In 1978, he married Lucy Lindsay-Hogg (née Davies), a television researcher, with whom he had a daughter, Frances. But he kept up his dalliances; he had affairs with the journalists Ann Hills (who committed suicide in 1996) and Melanie Cable-Alexander.

By the latter, he had a son, Jasper, in 1998; his wife then finally divorced him. In 2008, having previously denied her claims, he finally admitted that he was also the father of Polly Fry, who had been born just after his marriage to Princess Margaret.

Snowdon founded an award scheme for disabled students in 1980, and became a patron or honorary fellow of a number of photographic and design institutions. One of his long-running campaigns was to improve disabled access: the Royal Horticultural Society, which had said that the Chelsea Flower Show was not suitable for disabled visitors, incurred his especial ire. In the end, he won out.

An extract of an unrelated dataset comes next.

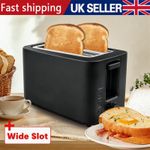 2 Slice Extra Wide Slot with 7 Variable Browning Defrost Reheat Black Toaster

In 1995, he became Provost of the Royal College of Art, of which he had been senior fellow since 1986. In 2001, there was a retrospective exhibition of Snowdon’s photographs at the National Portrait Gallery. He was a supporter of a large number of charities and societies based in Wales, from yachting to architecture, and from theatre to art.

The reforms of Tony Blair’s government threatened to deprive Snowdon of his seat in the House of Lords. But hereditary peers of the first creation were offered life peerages; there was some surprise when Snowdon chose to accept one in 1999.

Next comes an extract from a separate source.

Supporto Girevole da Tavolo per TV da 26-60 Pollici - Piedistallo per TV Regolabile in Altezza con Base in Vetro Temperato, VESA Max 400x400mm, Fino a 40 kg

But though some thought a peerage created to mark his marriage hardly qualified him for a legislative position, others defended Snowdon on the basis of his distinguished career, and his work for the disabled in the Upper House. He retired from the Lords in 2016.

The Earl of Snowdon received numerous awards for his photography, of which he presented numerous exhibitions around the world; he also published more than a dozen books of his work. He became an honorary fellow of the Royal Photographic Society in 1985. He held several honorary degrees and was appointed GCVO in 1969.

He is survived by his children; his son David, Viscount Linley, a celebrated cabinetmaker, succeeds him in the Earldom.